Instructions to follow:
Copy out, word for word, the lines from the start of the data below through the line containing "GOA GOA Snakeskin", and no others.

Data shown:
_ _ _ _ _ _ _

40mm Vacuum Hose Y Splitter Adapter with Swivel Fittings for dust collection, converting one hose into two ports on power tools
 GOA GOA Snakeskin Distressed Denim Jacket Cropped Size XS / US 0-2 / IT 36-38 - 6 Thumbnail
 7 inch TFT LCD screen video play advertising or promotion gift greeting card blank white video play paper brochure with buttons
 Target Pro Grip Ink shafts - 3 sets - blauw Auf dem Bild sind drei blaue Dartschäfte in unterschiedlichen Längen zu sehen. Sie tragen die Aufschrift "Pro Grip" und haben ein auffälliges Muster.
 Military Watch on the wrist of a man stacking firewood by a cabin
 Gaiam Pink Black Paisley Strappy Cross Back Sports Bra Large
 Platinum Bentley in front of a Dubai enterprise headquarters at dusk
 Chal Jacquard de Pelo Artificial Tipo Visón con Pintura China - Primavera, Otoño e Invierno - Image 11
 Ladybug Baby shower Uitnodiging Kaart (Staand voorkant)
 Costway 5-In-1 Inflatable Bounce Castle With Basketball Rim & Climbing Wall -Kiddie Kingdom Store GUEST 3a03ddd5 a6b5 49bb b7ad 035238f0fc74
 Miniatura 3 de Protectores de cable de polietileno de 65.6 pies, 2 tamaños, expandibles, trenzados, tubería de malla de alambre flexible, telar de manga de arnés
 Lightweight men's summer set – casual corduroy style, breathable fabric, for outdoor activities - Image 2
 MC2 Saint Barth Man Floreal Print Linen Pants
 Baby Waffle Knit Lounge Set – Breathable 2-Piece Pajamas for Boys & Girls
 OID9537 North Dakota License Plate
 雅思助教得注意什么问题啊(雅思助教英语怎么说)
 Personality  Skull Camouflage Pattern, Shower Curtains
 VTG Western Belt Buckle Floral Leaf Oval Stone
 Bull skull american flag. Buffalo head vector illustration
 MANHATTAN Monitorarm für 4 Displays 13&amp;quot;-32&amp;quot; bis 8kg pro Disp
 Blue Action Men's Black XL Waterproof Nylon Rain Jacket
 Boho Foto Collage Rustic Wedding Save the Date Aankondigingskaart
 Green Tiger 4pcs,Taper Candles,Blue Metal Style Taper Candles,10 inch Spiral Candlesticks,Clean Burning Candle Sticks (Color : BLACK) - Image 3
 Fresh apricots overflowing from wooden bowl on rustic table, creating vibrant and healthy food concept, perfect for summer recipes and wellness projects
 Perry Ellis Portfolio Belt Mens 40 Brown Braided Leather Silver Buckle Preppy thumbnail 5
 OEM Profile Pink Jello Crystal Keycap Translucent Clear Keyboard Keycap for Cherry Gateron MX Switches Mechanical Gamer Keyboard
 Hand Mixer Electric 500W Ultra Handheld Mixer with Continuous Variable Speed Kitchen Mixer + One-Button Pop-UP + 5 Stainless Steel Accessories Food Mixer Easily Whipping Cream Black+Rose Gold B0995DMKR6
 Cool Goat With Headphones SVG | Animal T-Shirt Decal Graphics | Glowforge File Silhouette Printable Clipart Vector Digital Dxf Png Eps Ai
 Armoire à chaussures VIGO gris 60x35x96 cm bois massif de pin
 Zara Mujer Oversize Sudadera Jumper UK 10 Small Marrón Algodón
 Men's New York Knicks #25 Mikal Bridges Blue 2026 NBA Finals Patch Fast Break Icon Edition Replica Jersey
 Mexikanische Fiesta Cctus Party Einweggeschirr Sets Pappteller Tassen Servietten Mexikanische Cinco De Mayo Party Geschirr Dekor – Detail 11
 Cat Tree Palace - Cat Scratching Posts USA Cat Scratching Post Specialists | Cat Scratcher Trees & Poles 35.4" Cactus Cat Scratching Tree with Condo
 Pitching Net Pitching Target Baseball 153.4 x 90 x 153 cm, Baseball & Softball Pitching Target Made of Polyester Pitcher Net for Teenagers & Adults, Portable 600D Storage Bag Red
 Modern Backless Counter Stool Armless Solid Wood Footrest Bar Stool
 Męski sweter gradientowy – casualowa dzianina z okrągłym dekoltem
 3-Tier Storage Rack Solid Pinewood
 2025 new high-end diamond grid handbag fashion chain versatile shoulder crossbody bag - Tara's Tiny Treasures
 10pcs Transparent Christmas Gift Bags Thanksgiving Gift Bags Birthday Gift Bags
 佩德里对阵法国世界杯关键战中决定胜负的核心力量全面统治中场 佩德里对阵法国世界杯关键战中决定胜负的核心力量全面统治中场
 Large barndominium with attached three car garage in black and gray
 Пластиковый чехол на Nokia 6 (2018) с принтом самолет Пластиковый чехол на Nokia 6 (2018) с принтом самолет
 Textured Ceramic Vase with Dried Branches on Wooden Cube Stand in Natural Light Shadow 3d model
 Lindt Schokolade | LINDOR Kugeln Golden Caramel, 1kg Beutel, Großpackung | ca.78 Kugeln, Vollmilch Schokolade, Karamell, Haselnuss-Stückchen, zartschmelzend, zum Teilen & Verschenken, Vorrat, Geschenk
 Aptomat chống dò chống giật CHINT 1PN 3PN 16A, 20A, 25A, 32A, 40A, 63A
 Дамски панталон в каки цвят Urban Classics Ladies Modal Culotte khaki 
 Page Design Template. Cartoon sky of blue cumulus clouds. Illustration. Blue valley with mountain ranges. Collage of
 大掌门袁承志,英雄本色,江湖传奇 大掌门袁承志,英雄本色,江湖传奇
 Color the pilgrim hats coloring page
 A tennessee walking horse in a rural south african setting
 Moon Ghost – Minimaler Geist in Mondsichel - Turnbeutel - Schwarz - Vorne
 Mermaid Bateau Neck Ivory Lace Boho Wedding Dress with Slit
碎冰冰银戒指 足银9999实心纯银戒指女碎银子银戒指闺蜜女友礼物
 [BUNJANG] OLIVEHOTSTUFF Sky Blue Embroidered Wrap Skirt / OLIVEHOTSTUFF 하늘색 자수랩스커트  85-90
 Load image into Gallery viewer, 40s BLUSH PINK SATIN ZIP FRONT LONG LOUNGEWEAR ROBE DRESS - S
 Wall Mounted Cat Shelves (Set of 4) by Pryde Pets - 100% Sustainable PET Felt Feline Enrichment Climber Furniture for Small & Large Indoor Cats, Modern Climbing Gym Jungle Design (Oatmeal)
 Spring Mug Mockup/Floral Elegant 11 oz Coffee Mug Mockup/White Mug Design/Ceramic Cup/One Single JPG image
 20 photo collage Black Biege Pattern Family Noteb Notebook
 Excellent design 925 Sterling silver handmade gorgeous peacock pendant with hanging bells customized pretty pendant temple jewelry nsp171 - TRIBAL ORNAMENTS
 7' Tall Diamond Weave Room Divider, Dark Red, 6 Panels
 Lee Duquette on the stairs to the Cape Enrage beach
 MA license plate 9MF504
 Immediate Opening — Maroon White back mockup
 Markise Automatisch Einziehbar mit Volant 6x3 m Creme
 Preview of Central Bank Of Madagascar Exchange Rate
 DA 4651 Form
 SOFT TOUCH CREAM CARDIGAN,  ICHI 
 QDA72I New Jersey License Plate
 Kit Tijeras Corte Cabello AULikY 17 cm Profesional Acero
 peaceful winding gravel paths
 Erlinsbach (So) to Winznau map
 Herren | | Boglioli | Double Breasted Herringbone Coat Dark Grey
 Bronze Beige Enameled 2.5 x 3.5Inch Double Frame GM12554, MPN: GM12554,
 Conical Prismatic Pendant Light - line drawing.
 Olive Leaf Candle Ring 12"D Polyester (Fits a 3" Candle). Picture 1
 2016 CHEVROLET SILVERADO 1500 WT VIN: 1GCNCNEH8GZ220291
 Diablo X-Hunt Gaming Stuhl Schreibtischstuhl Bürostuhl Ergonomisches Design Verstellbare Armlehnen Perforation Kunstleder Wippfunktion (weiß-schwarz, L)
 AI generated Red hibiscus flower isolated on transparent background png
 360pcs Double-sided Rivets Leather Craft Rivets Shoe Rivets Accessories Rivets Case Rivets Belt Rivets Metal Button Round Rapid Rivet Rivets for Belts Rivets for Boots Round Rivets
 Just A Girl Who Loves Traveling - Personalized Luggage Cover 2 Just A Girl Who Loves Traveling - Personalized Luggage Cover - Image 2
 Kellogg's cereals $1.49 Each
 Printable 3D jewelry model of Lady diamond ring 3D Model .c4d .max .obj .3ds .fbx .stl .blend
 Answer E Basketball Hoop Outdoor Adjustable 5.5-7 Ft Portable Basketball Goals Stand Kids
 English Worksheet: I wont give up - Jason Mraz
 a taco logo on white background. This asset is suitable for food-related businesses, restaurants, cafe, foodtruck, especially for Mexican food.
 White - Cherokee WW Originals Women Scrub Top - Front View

_ _ _ _ _ _ _

Answer to the exercise:
40mm Vacuum Hose Y Splitter Adapter with Swivel Fittings for dust collection, converting one hose into two ports on power tools
 GOA GOA Snakeskin Distressed Denim Jacket Cropped Size XS / US 0-2 / IT 36-38 - 6 Thumbnail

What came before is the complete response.